> [What is required]
In the entries below, find the line with "Berlin empfängt die deutsche Delegation" and print exactly every line from there up to and including the line with "30 Cc Fırçalı", with no other lines.

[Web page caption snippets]
BEGIN

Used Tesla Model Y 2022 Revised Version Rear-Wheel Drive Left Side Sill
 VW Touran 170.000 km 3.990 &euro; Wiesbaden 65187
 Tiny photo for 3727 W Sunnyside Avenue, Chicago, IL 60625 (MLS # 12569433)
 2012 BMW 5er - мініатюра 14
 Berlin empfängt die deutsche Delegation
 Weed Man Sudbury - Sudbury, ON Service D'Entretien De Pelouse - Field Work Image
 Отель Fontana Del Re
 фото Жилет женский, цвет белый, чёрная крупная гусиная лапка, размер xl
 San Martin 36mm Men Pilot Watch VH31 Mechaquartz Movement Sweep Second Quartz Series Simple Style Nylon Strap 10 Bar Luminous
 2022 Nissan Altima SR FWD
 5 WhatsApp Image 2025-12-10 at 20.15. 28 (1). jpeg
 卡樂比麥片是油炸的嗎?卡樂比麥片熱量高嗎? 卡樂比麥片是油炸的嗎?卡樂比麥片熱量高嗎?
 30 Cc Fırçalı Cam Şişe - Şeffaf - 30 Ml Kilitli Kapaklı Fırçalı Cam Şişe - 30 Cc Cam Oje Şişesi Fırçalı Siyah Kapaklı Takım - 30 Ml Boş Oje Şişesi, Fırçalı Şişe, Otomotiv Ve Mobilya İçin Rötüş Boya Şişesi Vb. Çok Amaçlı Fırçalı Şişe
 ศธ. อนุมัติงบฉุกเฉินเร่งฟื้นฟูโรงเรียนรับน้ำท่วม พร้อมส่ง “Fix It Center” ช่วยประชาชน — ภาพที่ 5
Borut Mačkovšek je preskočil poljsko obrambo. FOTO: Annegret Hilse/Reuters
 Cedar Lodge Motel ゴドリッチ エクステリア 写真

END

> [Task result]
 Berlin empfängt die deutsche Delegation
 Weed Man Sudbury - Sudbury, ON Service D'Entretien De Pelouse - Field Work Image
 Отель Fontana Del Re
 фото Жилет женский, цвет белый, чёрная крупная гусиная лапка, размер xl
 San Martin 36mm Men Pilot Watch VH31 Mechaquartz Movement Sweep Second Quartz Series Simple Style Nylon Strap 10 Bar Luminous
 2022 Nissan Altima SR FWD
 5 WhatsApp Image 2025-12-10 at 20.15. 28 (1). jpeg
 卡樂比麥片是油炸的嗎?卡樂比麥片熱量高嗎? 卡樂比麥片是油炸的嗎?卡樂比麥片熱量高嗎?
 30 Cc Fırçalı Cam Şişe - Şeffaf - 30 Ml Kilitli Kapaklı Fırçalı Cam Şişe - 30 Cc Cam Oje Şişesi Fırçalı Siyah Kapaklı Takım - 30 Ml Boş Oje Şişesi, Fırçalı Şişe, Otomotiv Ve Mobilya İçin Rötüş Boya Şişesi Vb. Çok Amaçlı Fırçalı Şişe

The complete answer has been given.